THE TASK = Take from the entries below the stretch from the line with "على الميكروفون؟ 2026" through the line with "ND93Z斯尔丽[专柜同款]", and return it exactly, leaving the pictures out.

INFORMATION SUPPLIED =

────────────────────

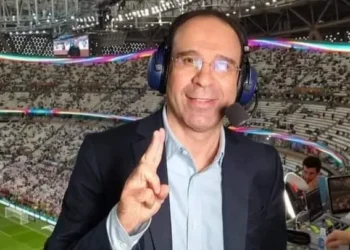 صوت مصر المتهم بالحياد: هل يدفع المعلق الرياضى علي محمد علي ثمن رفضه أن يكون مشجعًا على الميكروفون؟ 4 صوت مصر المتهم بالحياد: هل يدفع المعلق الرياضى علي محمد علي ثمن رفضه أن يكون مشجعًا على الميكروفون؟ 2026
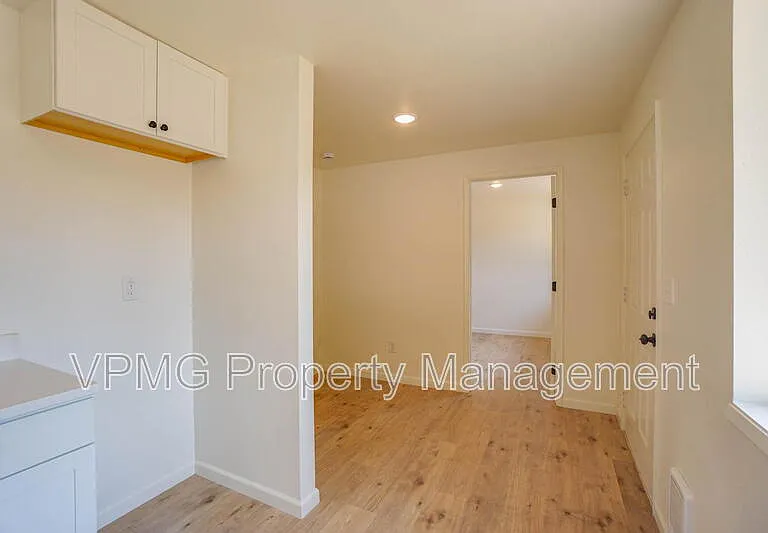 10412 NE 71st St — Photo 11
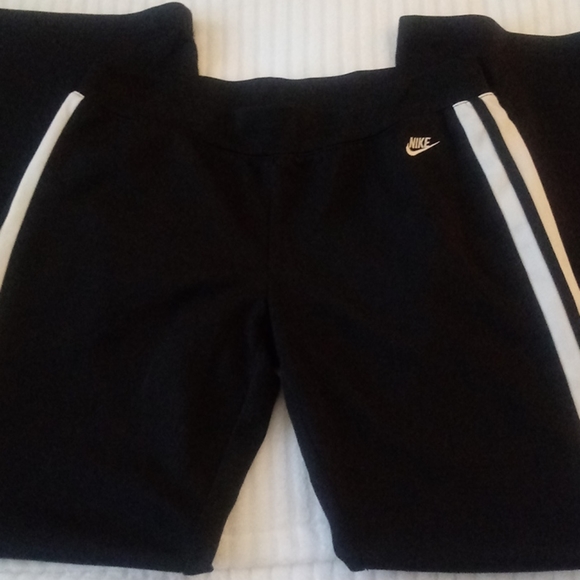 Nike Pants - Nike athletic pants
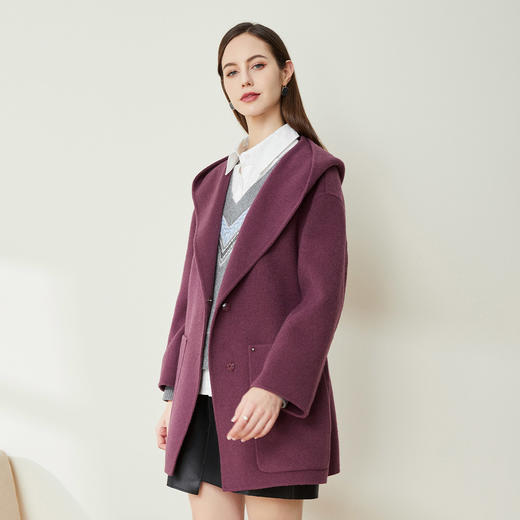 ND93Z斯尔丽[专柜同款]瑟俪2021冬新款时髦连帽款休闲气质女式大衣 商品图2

────────────────────

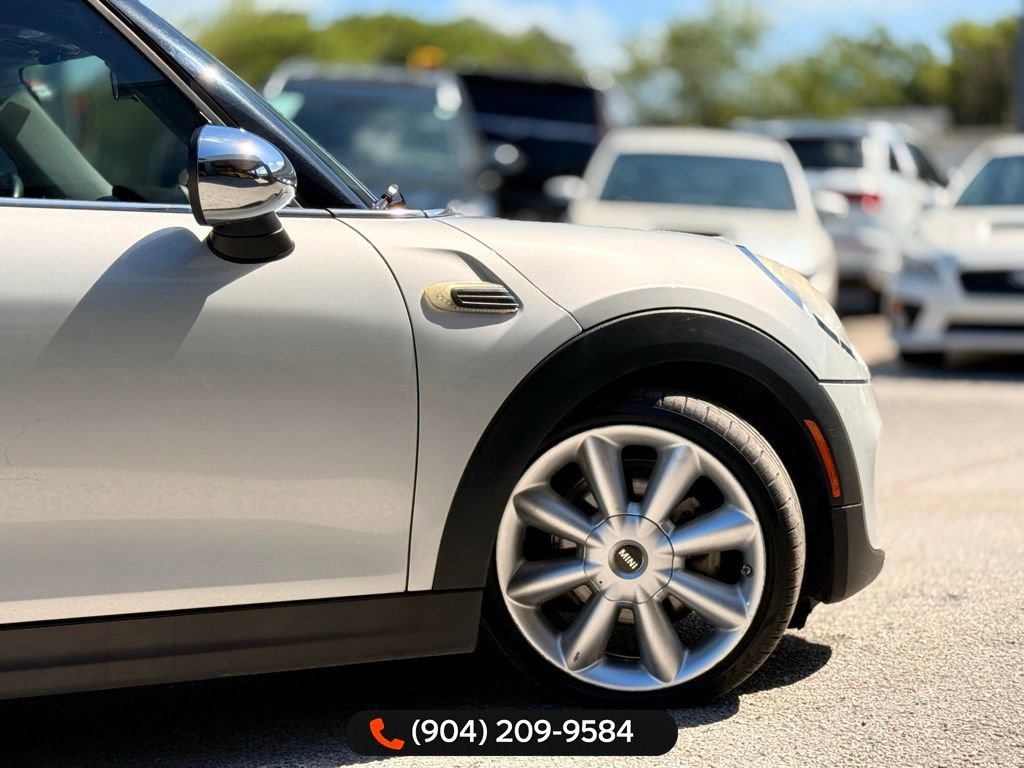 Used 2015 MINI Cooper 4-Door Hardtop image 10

────────────────────

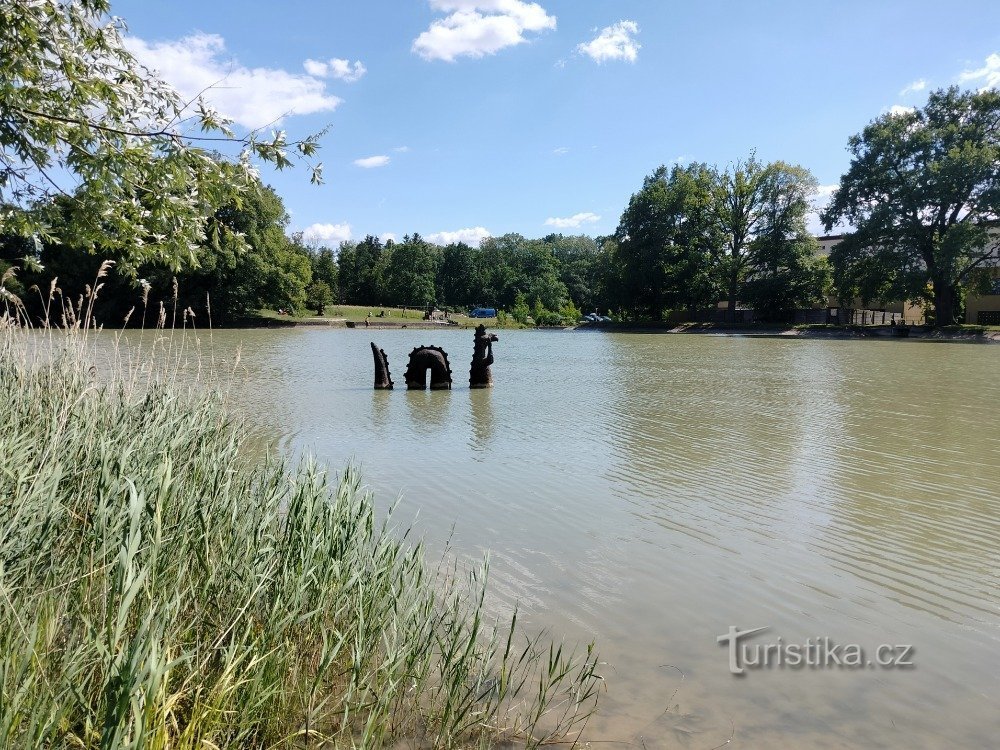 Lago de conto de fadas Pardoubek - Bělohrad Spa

────────────────────

ANSWER FOR THIS EXERCISE =
 صوت مصر المتهم بالحياد: هل يدفع المعلق الرياضى علي محمد علي ثمن رفضه أن يكون مشجعًا على الميكروفون؟ 4 صوت مصر المتهم بالحياد: هل يدفع المعلق الرياضى علي محمد علي ثمن رفضه أن يكون مشجعًا على الميكروفون؟ 2026
 10412 NE 71st St — Photo 11
 Nike Pants - Nike athletic pants
 ND93Z斯尔丽[专柜同款]瑟俪2021冬新款时髦连帽款休闲气质女式大衣 商品图2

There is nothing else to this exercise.